• _WHAT THE TASK REQUIRES_: Only the lines in the entries below from the line with "UNITED ESTATE AND" to the line with "เติมความสวยเด่นให้ทรงผมด้วยเครื่องประดับเก่ๆ (Credit: Craig", both included, belong in the answer, transcribed exactly and without pictures.

(SOURCE DATA)

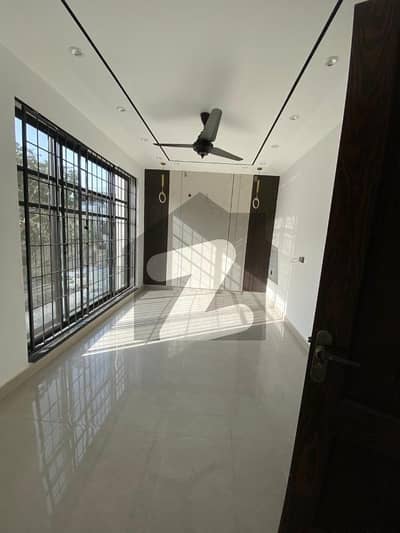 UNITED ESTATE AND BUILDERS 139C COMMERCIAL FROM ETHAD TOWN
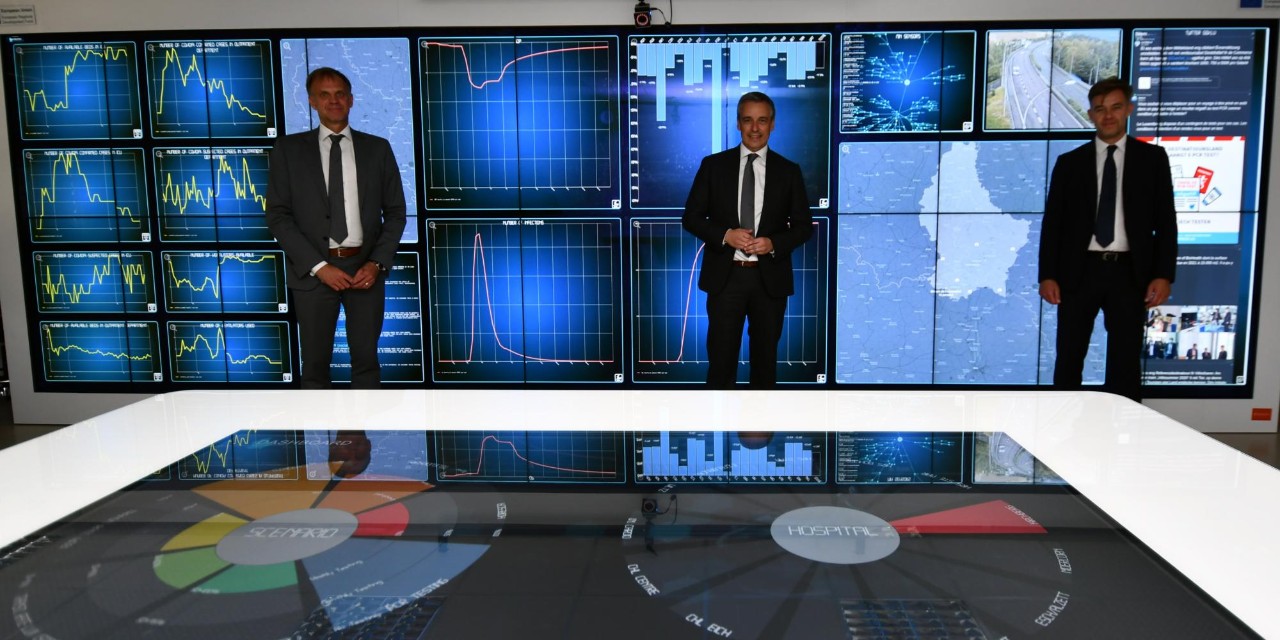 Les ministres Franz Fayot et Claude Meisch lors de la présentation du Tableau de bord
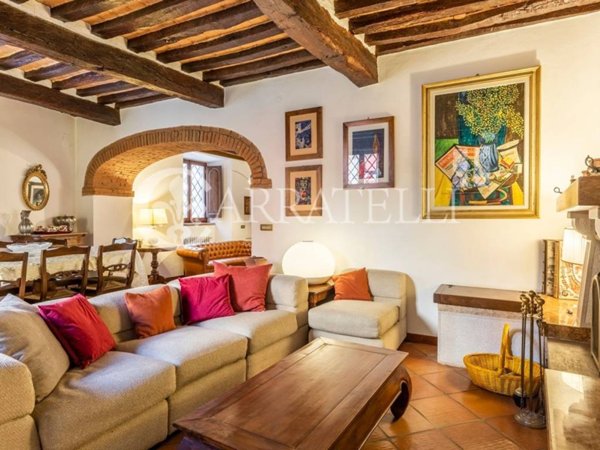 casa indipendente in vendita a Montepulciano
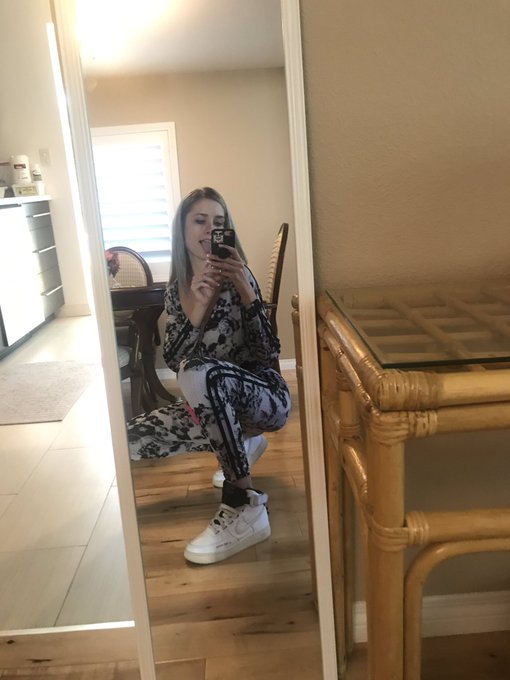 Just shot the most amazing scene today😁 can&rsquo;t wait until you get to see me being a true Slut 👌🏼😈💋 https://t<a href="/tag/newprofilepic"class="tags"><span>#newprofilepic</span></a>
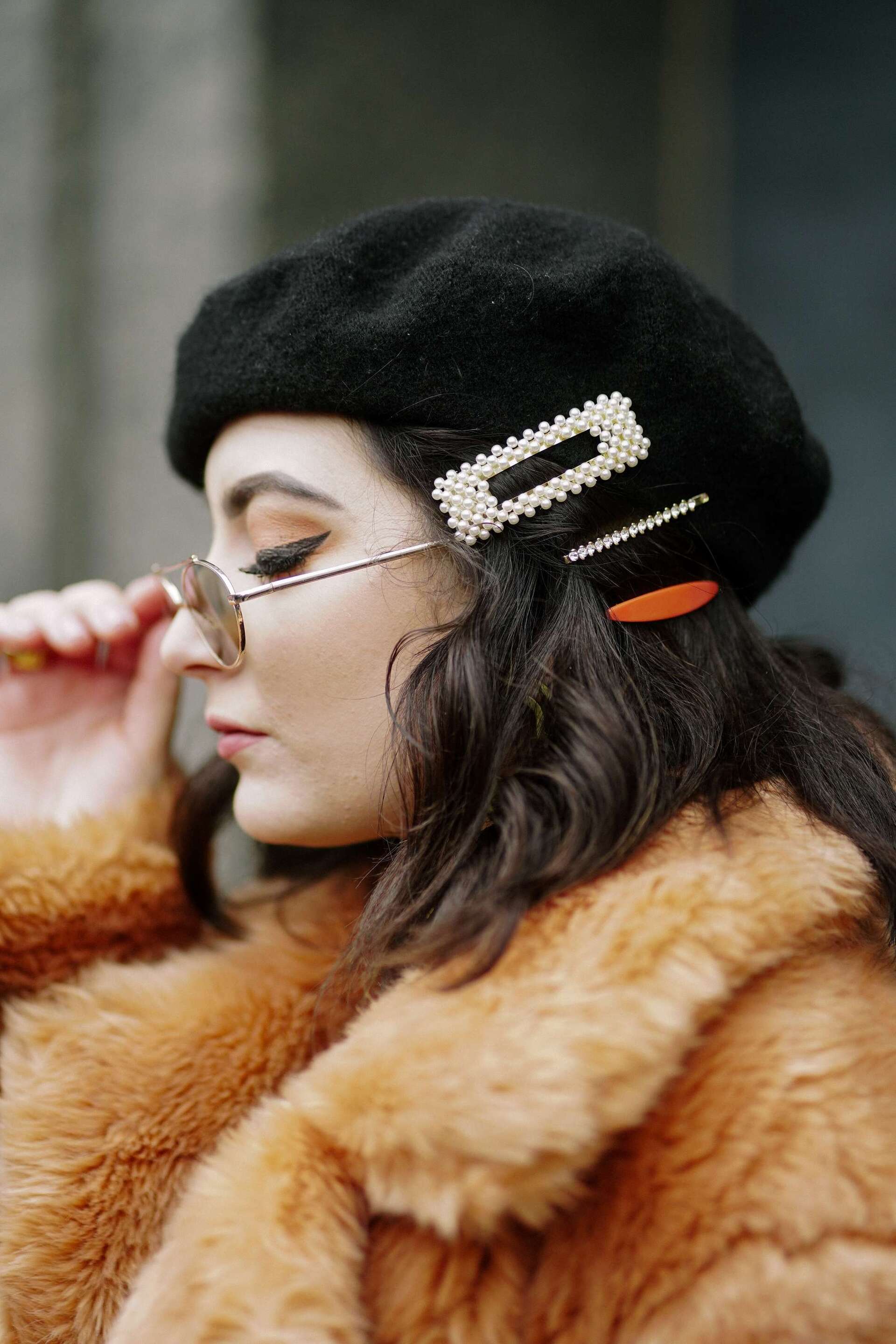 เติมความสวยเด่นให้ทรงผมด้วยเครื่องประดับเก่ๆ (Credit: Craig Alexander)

(End SOURCE DATA)
(SOURCE DATA)

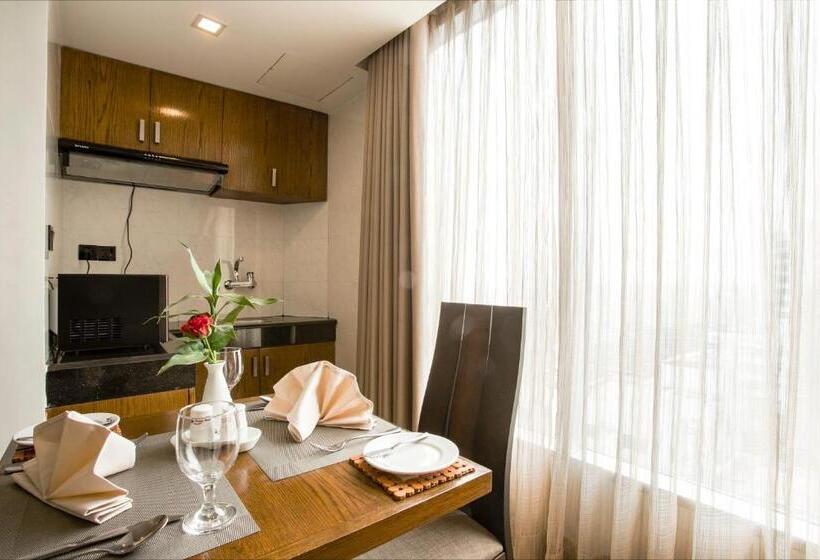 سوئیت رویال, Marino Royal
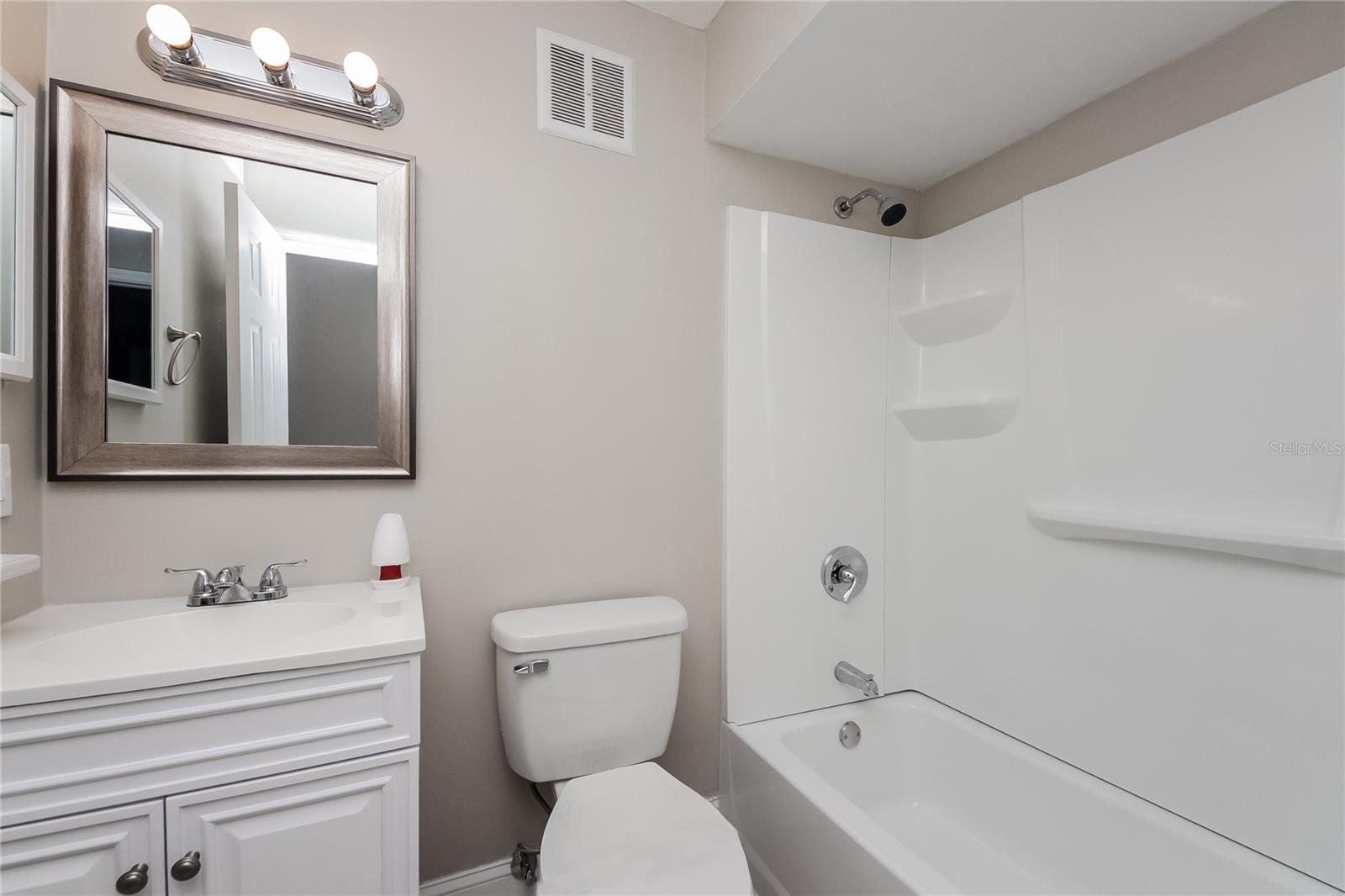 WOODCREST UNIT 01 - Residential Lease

(End SOURCE DATA)
(SOURCE DATA)

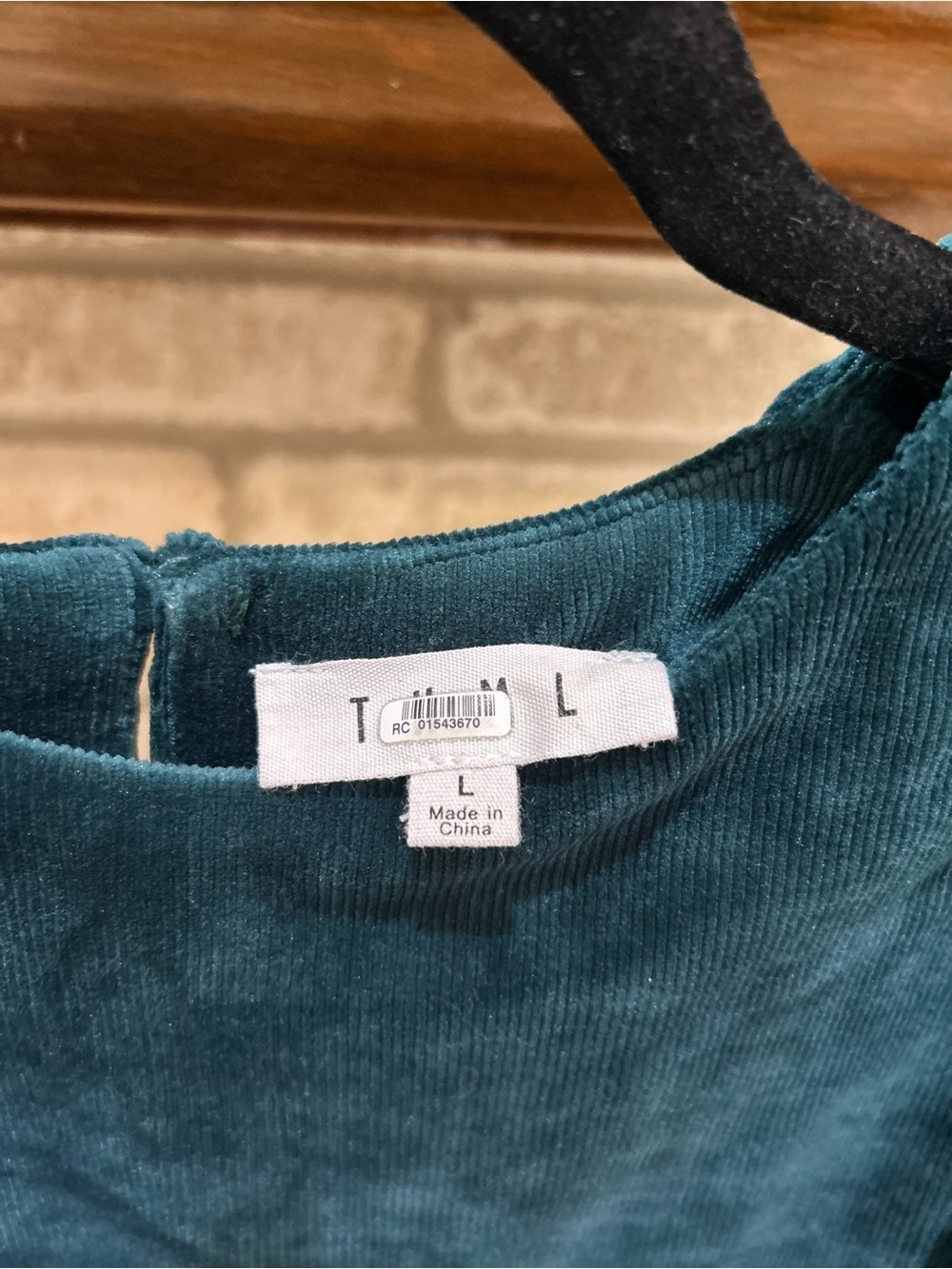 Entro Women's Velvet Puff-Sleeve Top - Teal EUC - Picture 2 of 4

(End SOURCE DATA)

• _OUTPUT FOR THIS EXERCISE_:
 UNITED ESTATE AND BUILDERS 139C COMMERCIAL FROM ETHAD TOWN
 Les ministres Franz Fayot et Claude Meisch lors de la présentation du Tableau de bord
 casa indipendente in vendita a Montepulciano
 Just shot the most amazing scene today😁 can&rsquo;t wait until you get to see me being a true Slut 👌🏼😈💋 https://t<a href="/tag/newprofilepic"class="tags"><span>#newprofilepic</span></a>
 เติมความสวยเด่นให้ทรงผมด้วยเครื่องประดับเก่ๆ (Credit: Craig Alexander)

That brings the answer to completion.